The card requires a canvas to render its data, such as name and image, to ensure that one gameobject can be used for an infinite number of cards. The three-layer approach was necessary as the sorting layer prevented the front and back of the card from displaying correctly when on the same canvas. However, a sprite rendered could be a better approach.

By layering the cards back, image, and face frame, with sprite renders the same effect can be achieved. Only a single canvas is required to overlay the card’s data, which only needs to be activated when the card is selected for viewing.

Enhancing Strategic Elements

There are areas of the prototype where the strategic elements can be improved upon. Firstly, a greater variety of resources types will provide strategy when planning and deck building.

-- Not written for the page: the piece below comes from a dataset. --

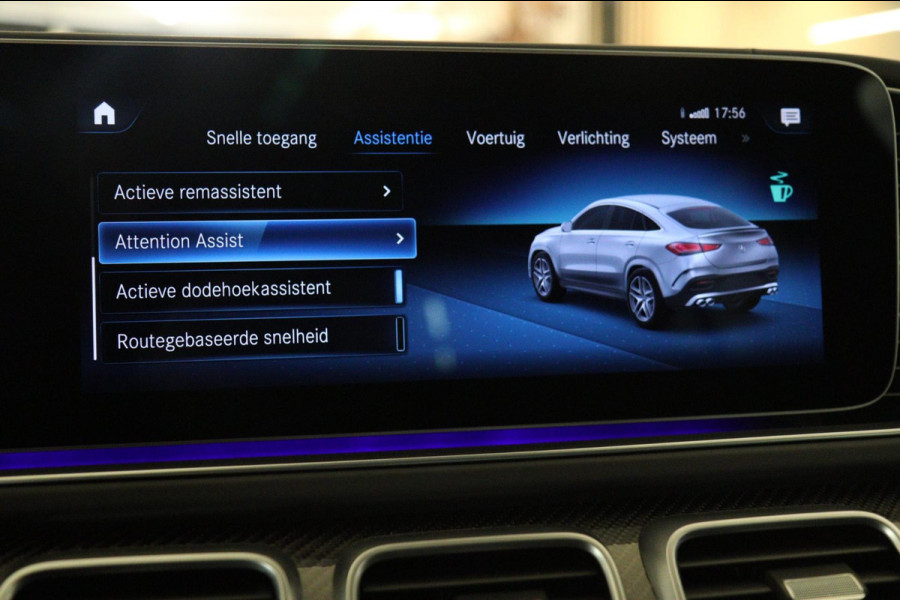 Mercedes-Benz GLE Coupé AMG 53 4MATIC+ Premium Plus PANO/BURM-3D/CARBON/MASSAGE/VOL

If a player cannot feasibly add buildings of every resource type to their deck, they will need to pick and choose, they will need to tailor their it towards a strategy.

Currently, there are only four resources and they are not adequate. Wood is used to provide higher tier buildings. Iron and horse provide higher tier units. Coin is a mostly generic resource that can also be used for mercenary units. This doesn’t offer much scope for strategy. A player can favour buildings that generate coins and then focus on using mercenaries, or they can take several stable to ensure their army is cavalry heavy.

Additional resources and a better balance in their use will provide better strategic gameplay. Some examples:

  • Engineers: People that can create siege engines
  • Oppression: Good for conscripting peasants and militia to your cause
  • Stone: Useful for building better fortifications.
  • Faith: Exploit the religious beliefs of the plebs to recruit bands of fanatics, crusaders, and other unhinged sociopaths.